Stratasys has announced new software for bringing realism, connectivity and accessibility to 3D printing.
Stratasys has been known for its 3D printers and its vast portfolio of materials, growing from a manufacturer of fused deposition modeling (FDM) systems to producing powerful PolyJet machines after merging with Objet. Two years ago, however, the company announced that it would acquire GrabCAD, a popular 3D modeling and engineering community now numbering around 3 million users. At RAPID 2016, Stratasys made clear exactly how the site, which is in no way limited to 3D printing aficionados, would fit into its larger vision with a soon-to-be-released app called GrabCAD Print.
GrabCAD Print is a cloud-based app meant to streamline and modernize the 3D printing process through a few key features. First of all, the software will be able to read native CAD files, meaning that users will no longer have to translate their models to the data-starved STL file format before printing. Instead, the colors, textures and other details will be preserved in the original CAD file as it heads to 3D printing. If a user wants to 3D print a rough, colorless prototype with a standard FDM 3D printer and then print the object in full-color on a PolyJet machine, he or she can do so with the same file.
GrabCAD Print will also serve as a 3D printing interface across Stratasys printers so that users don’t have to learn a new management tool for every machine. For those with a network of printers, the software will connect through the cloud with every system from the desktop or on mobile devices. Moreover, all of the data from these printers can be managed from GrabCAD Print, allowing users to access at no cost information about print history, completed jobs, failed jobs and material used.
To get the app off the ground, Stratasys has partnered with a few key partners, which will enable the direct translation of a digital file to a 3D-printed object. When GrabCAD Print is made available in North America this summer, the tool will be able to read CAD files from the following software:
As GrabCAD Print is an open platform, businesses will also be able to develop their own apps for GrabCAD Print. Furthermore, other manufacturers of 3D printers will have the ability to develop drivers for the machines to operate with the software as well.
In an interview with ENGINEERING.com, Paul Giaconia, vice president of Software Products & Strategy at Stratasys, explained that software is crucial to tying together the company’s larger strategy. “Historically, we sell hardware and materials and offer 3D printing services, but the conclusion we came to was that we need to tie that all together with software,” he said.“GrabCAD Print is a key component of our software strategy, a major investment in software to round outour software solutions portfolio.”
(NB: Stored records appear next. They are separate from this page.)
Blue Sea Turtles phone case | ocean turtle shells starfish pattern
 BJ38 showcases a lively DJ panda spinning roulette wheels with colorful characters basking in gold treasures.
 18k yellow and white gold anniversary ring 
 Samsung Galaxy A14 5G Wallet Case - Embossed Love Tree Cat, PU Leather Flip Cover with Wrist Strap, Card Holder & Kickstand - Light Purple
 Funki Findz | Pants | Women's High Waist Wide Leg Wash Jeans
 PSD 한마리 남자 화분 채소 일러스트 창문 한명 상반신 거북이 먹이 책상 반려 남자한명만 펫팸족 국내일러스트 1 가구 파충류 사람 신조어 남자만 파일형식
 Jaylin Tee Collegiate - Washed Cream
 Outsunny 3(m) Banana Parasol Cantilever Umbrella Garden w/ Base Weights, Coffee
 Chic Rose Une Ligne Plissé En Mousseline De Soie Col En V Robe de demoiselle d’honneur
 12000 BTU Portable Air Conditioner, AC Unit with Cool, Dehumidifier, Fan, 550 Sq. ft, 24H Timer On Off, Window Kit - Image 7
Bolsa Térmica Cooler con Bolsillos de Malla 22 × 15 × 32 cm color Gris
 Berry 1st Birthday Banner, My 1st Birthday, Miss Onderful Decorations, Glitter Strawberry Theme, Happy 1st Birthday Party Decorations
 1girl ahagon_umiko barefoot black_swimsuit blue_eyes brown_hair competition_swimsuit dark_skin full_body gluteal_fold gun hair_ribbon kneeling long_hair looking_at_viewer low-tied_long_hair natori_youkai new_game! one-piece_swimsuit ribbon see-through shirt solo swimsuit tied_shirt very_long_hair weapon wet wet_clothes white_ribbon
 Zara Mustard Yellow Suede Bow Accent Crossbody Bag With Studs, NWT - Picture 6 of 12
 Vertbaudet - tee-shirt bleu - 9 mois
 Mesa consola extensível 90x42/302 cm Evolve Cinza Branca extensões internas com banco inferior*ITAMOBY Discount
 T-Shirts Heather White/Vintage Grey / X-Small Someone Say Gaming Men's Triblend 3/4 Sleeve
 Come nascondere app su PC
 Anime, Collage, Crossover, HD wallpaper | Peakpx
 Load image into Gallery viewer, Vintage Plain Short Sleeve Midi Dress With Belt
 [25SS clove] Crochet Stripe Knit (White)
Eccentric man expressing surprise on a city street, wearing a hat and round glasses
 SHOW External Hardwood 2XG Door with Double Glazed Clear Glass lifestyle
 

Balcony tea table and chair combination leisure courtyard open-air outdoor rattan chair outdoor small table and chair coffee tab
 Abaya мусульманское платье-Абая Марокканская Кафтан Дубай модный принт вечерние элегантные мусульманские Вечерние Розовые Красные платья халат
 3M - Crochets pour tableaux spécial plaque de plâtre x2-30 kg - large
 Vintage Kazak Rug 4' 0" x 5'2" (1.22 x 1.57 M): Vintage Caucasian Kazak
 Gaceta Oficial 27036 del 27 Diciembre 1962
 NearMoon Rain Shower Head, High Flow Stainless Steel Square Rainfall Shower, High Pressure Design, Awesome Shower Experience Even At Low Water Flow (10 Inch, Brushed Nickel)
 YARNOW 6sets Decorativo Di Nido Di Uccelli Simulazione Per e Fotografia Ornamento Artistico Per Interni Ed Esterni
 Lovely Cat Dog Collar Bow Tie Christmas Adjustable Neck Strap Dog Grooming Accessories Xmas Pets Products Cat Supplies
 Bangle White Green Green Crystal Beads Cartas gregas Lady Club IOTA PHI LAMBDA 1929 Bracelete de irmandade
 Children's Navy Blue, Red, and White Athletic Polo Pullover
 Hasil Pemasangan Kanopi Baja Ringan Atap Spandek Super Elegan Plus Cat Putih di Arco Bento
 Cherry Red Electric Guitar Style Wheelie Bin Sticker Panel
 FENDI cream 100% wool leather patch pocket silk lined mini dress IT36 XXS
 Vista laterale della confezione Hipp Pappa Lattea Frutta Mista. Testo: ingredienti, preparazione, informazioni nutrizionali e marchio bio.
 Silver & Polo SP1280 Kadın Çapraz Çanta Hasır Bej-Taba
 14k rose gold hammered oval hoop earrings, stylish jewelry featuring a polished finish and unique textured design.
Giaconia adds that manufacturing is currently undergoing a major transformation due to technological disruption related to realism, connectivity and accessibility. “Digital product definition has evolved pretty well over the past 30 years with CAD,” he explained. “You can capture color, texture and geometry very well in CAD. The first thing we do to get ready in 3D printing is we output to an STL file and we lose all of that information. So, if we can figure out realism in 3D printing, there’s a real opportunity to create high-quality, custom parts.” In this way, the software may be an obvious fit for Stratasys’ recently-released J750 3D printer, which brings a new level of color and material possibilities to its PolyJet platform.
“The second disruption is connectivity,” Giaconia continued. “Everything nowadays is connected, hardware-wise. 3D printing and factory devices shouldn’t be any different. If connectivity is unlimited, CPU is unlimited, the disk is unlimited, then the theory is that we can provide a whole new level of business intelligence to customers about what’s going on in a printer network that we don’t have today.”
Giaconia concluded, “The third disruption is around accessibility. There are over three million people who use CAD today. It’s just too hard to get to 3D printing technology. There are too many tools and translations, and the workflow just isn’t very efficient.”
Billing GrabCAD Print as the “digital backbone for design and manufacturing,” Giaconia and Stratasys believe that the software could provide an answer to issues of realism, connectivity, and accessibility. Though Stratasys is a member of the 3MF Consortium, which is seeking to create a universal file format for 3D printing, Giaconia describes Stratasys’ new software as, in some ways, addressing problems that 3MF cannot. By reading CAD files directly, there’s no need to go through a file translation process and, therefore, there should, ideally, be no loss of data.
When GrabCAD Print is released worldwide later this year, we’ll have a better idea of whether or not the software truly lives up to the company’s promises.